There were footsteps on the stairs. This time, Rosalind heard them. “Don't worry, it's only Waldo. He's been rather poorly, since I told him about Rachel doing Dylan's letters.”

I imagined him quiet on the stairs, crouching low to catch the conversation, like a small child listening to the grown-ups talking late at night. The latch of the stairwell door clicked open. Rosalind looked across and said: “Come in Waldo, it's only Mr Pritchard.”

I looked apprehensively across the room. Waldo was standing at the foot of the stairs, hunched up inside a voluminous dark blue night-shirt. He seemed to have shrivelled, and shrunk so small that he wasn't the man I had seen at Fern Hill. I remembered his dark, wavy hair that night when I had watched him at his desk, but now it was greasy and matted, and stuck out like spikes from his head. His white face was puffed up in blotches, and his nose was covered in spots of blood as if he'd been scratching it in his sleep. His left eye was bloodshot and the skin below badly bruised. He looked distraught, and stared helplessly at his elderly mother who at that moment seemed twenty years younger than him. She radiated energy whilst he looked empty and pathetic.

Rosalind beckoned him to cross the room. “Come and meet Mr Pritchard, Waldo.”

I forced a smile that said hello. Waldo stared at me, his bloodshot eye watering down his cheek.

I got up from my chair and took a few steps towards him, stretching out my hand. “I'm pleased to....”

“Must the hawk in the egg kill the wren?” he asked.

“Sorry?”

“Will the fox in the womb kill more chickens?”

There seemed no point in staying. I drove home and parked the car outside the house. I felt in my jacket pocket for the key to the front door, but my fingers found only Rosalind's sticky sausage. I withdrew it carefully from my pocket and threw it on the ground, and next door's cat came rushing through the hedge and carried it away.

Fast Forward 2

Rebel against the flesh and bone,
The word of the blood, the wily skin,
And the maggot no man can slay.

“This ear that you're worried about,” said the Inspector, pushing the last corner of an egg sandwich into his mouth.

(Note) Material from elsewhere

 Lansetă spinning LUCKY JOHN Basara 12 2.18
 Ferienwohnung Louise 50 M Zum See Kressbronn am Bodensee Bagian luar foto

“It's gone to forensic, sir.”

“Who actually found it?”

“Mrs Watkins Kingdom Hall,” replied the Sergeant, politely turning away as the Inspector scraped bits of bread from between his teeth with the sharp end of a paper clip.

“And where exactly did she come across it?”

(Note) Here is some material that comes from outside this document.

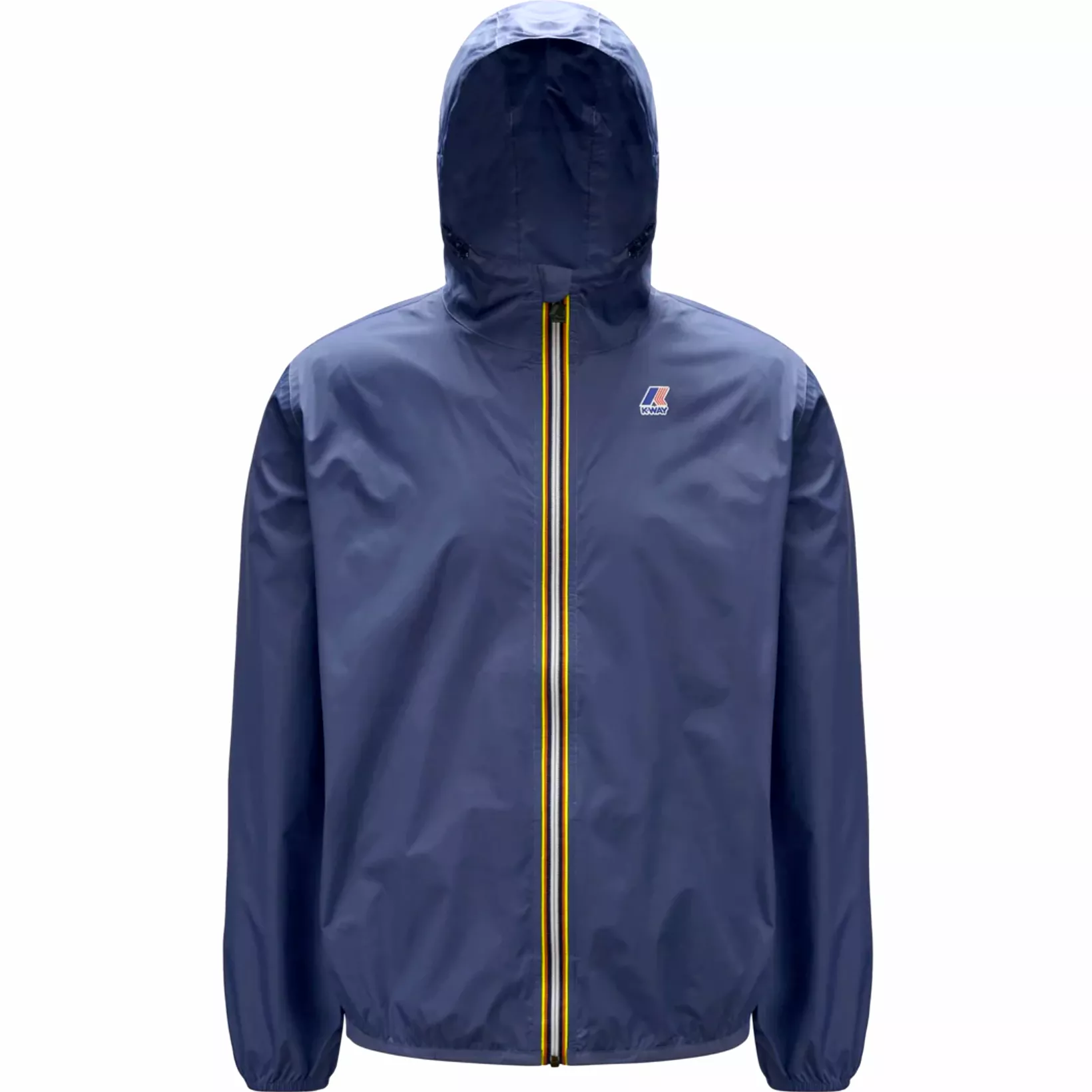 Claude Packable Unisex Rain Jacket (Blue Indigo)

“In the pull-in by the Scadan Coch.”

“And whose ear is it?”

“A man's ear, sir. Right side.”

“Any distinguishing features?”

“Someone's taken a large bite out of it.”

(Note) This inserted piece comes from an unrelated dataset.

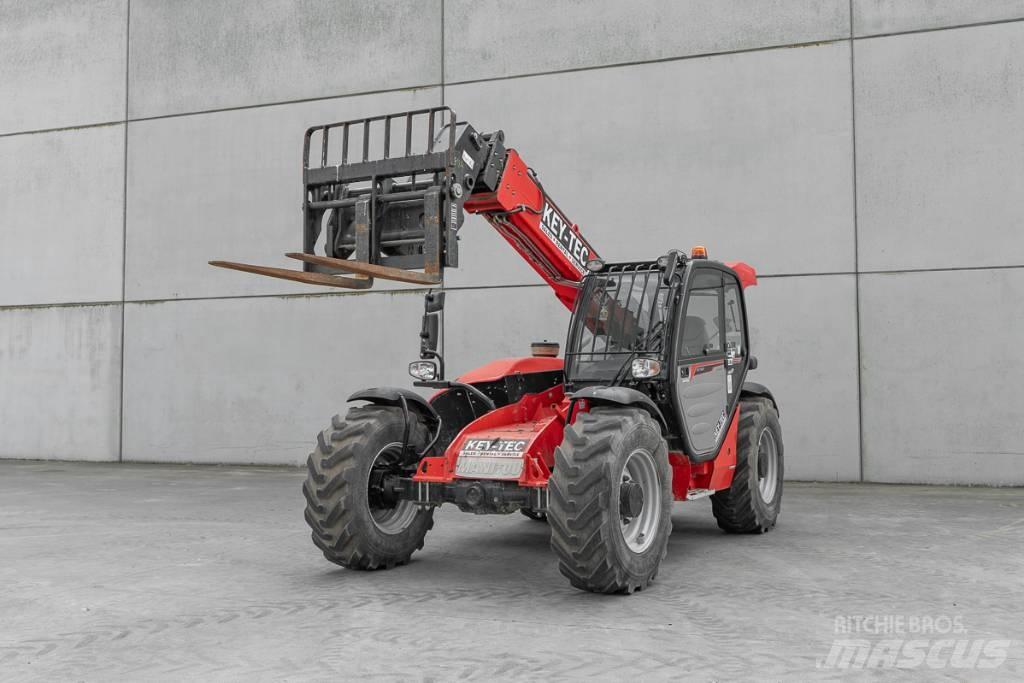 Manitou MT 933 Easy 伸缩臂叉装车|叉装车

“And how was it detached from its owner?”

“Sharp blade, sir, like a razor.”

“Anything else?”

“This was pinned to it,” replied the Sergeant, passing across a stained post-it note wrapped in a polythene bag.


Before death takes you, O take back this
,” read the Inspector. “Mean anything to you?”

“Afraid not, sir.”

“Perhaps we should call in the Poet Laureate, then. To get the case going, to set things in motion,” suggested the Inspector, knowing it was wasted. “Doesn't your auntie have any views on the matter?” he asked, trying to soften the bite in his voice.

“She always said that God has the hymns, and the Devil has the poetry.”